Records shown Start Marker

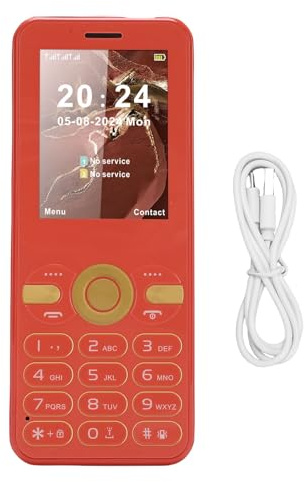 Annadue 2G Telefono Cellulare per Anziani, Telefono Cellulare di Base con Pulsante Grande, Grande Volume, Torcia, Radio FM, Torcia, Display da 2,4 , Dual Sim, Batteria da 1800 MAh (2)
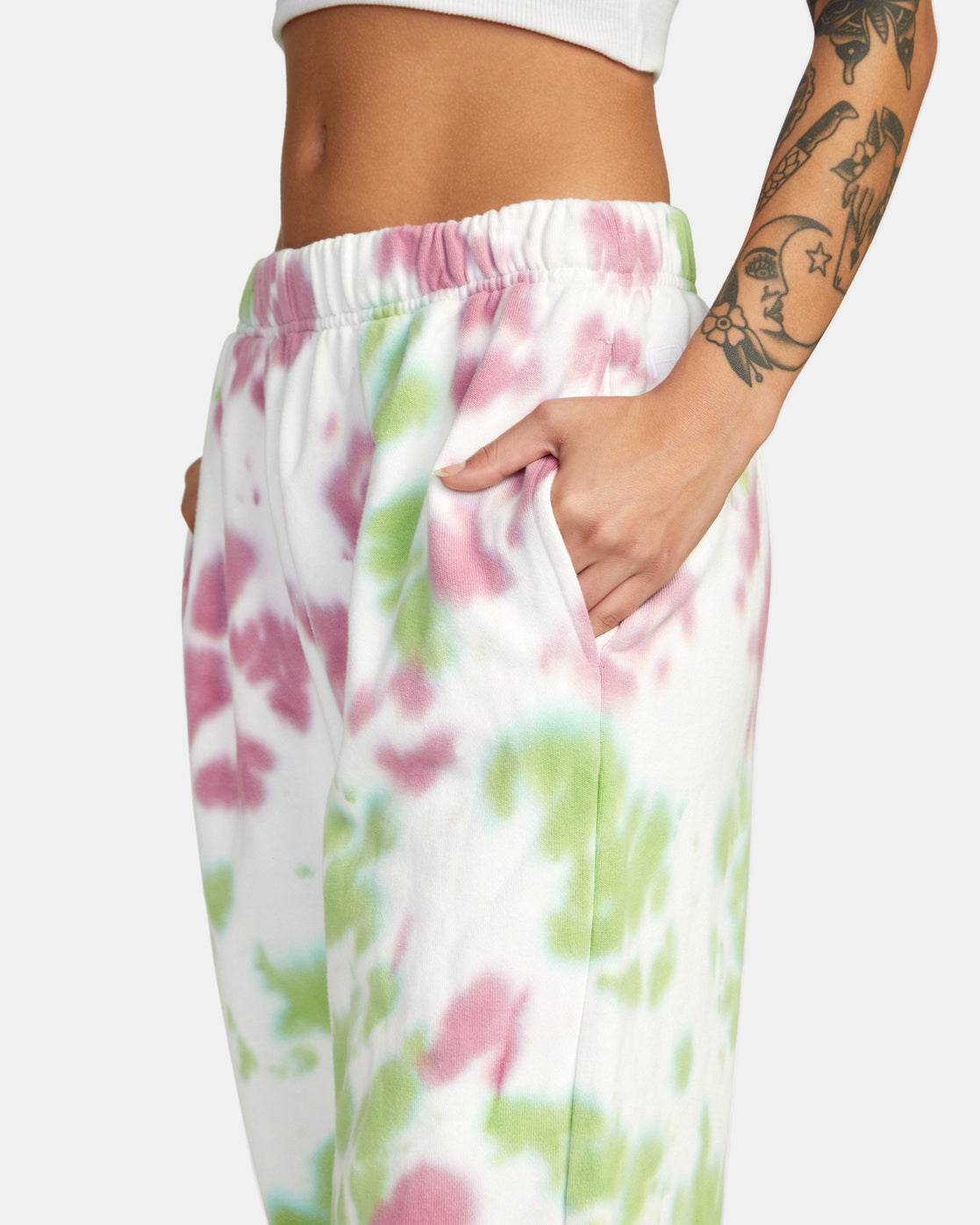 RVCA Women's Little RVCA Tie-Dye Sweatpants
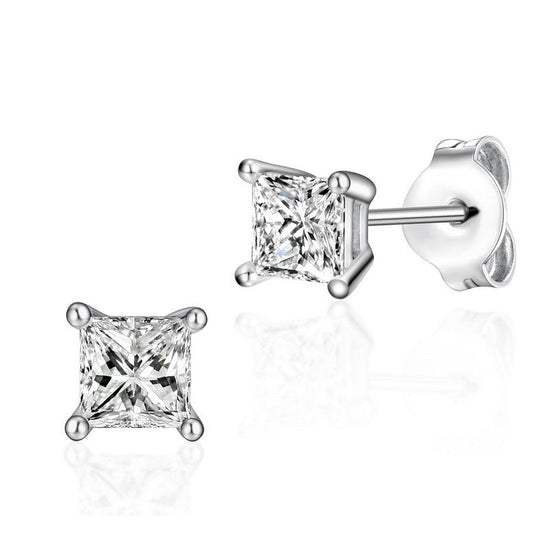 Real Silver Stud Earrings - Amyris London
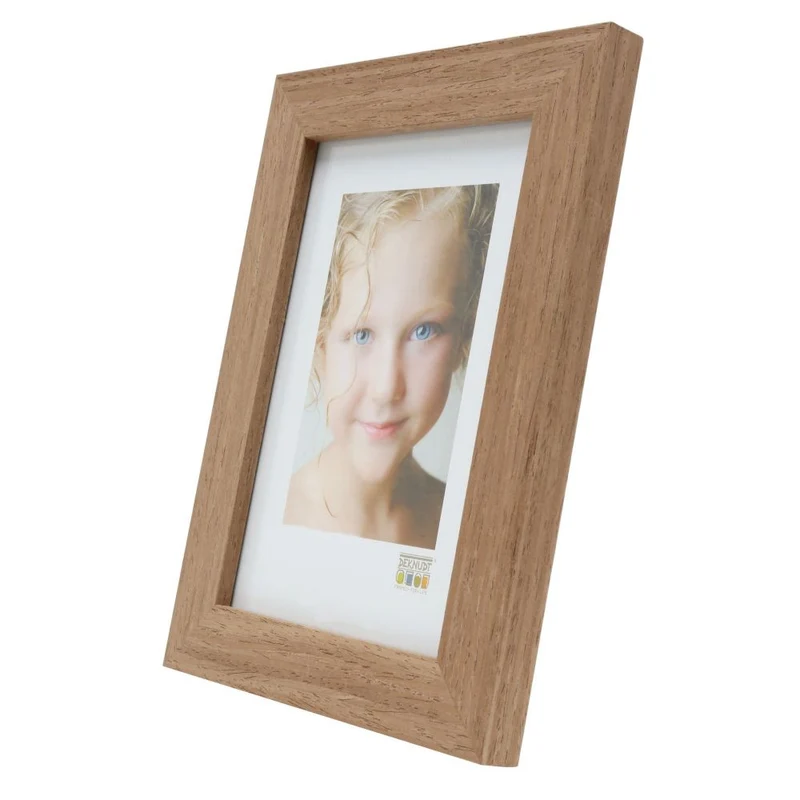 Deknudt Cadre photo avec placage véritable couleur bois grisé 20x30 S46BH3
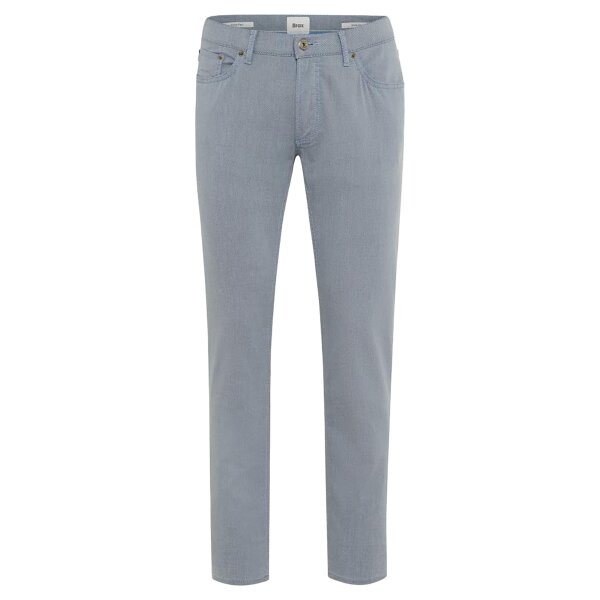Brax Herren Chino-Hose - Chuck Tri-Flex, Modern Fit, Baumwoll-Mix, Länge 32 Blau 33W/32L
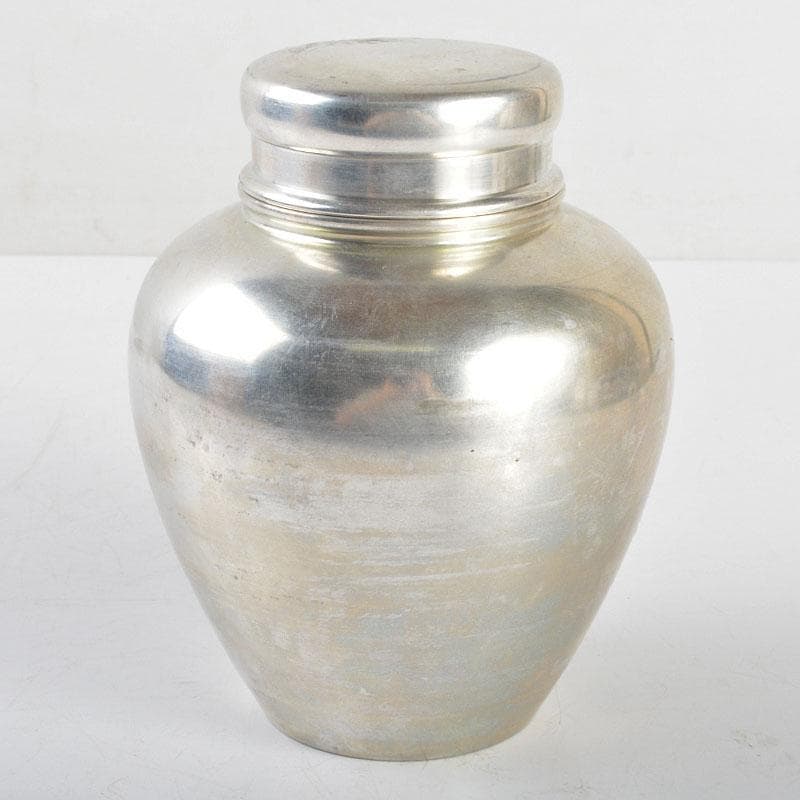 煎茶道具　錫製　乾茂號造　茶壷　茶心壷　山本山款　木箱付　D　R4804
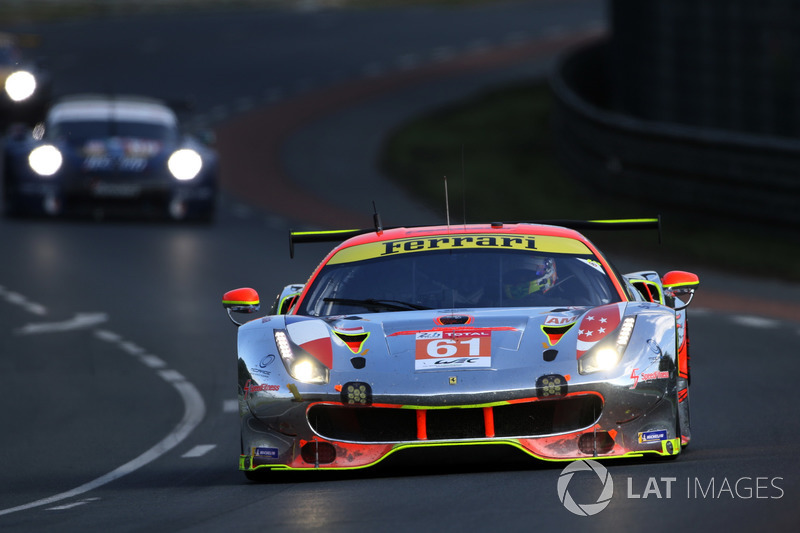 #61 Clearwater Racing Ferrari 488 GTE: Weng Sun Mok, Keita Sawa, Matthew Griffin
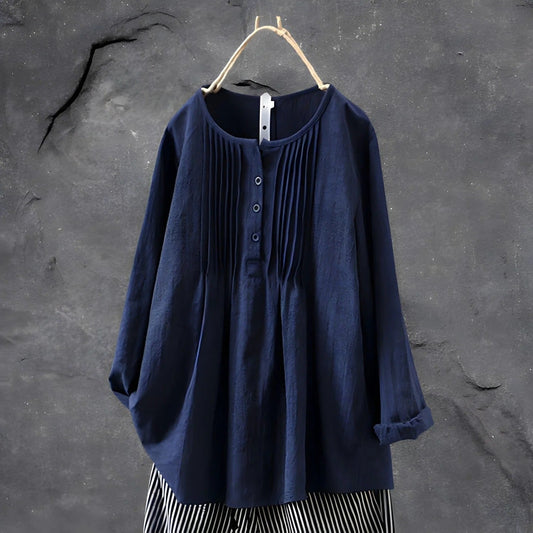 Vaska Oversized losse blouse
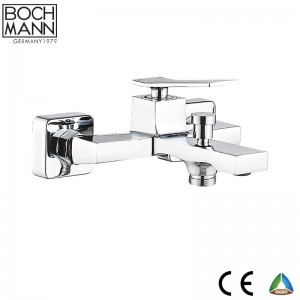 Luxury morden brass brushed gold rain shower set faucet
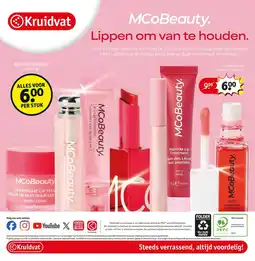 Kruidvat Alle MCoBeauty lip make-up. aanbieding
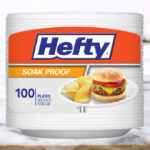 Hefty Everyday 9 Inch Foam Plates 100 Pack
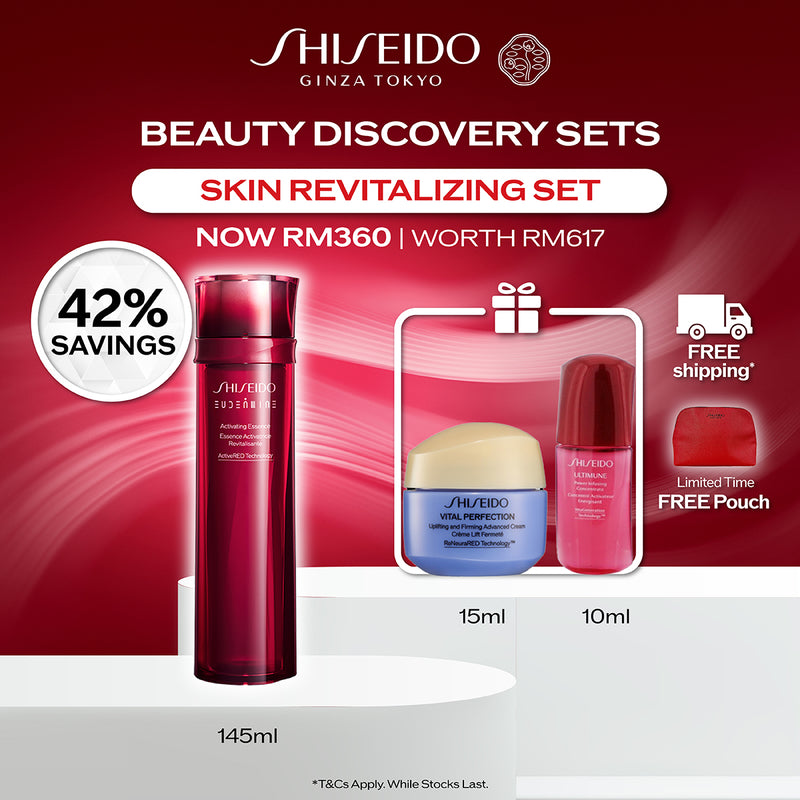 [Discover Shiseido] Shiseido Eudermine Activating Essence 145ml Starter Kit RM360 (Worth RM617) (Skin Activating)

Records shown End Marker

- The problem: Transcribe only this stretch of the data: the line with "RVCA Women's Little RVCA Tie-Dye Sweatpants", the line with "煎茶道具　錫製　乾茂號造　茶壷　茶心壷　山本山款　木箱付　D　R4804", and every line in between. Leave out the pictures.

- Response:
 RVCA Women's Little RVCA Tie-Dye Sweatpants
 Real Silver Stud Earrings - Amyris London
 Deknudt Cadre photo avec placage véritable couleur bois grisé 20x30 S46BH3
Brax Herren Chino-Hose - Chuck Tri-Flex, Modern Fit, Baumwoll-Mix, Länge 32 Blau 33W/32L
 煎茶道具　錫製　乾茂號造　茶壷　茶心壷　山本山款　木箱付　D　R4804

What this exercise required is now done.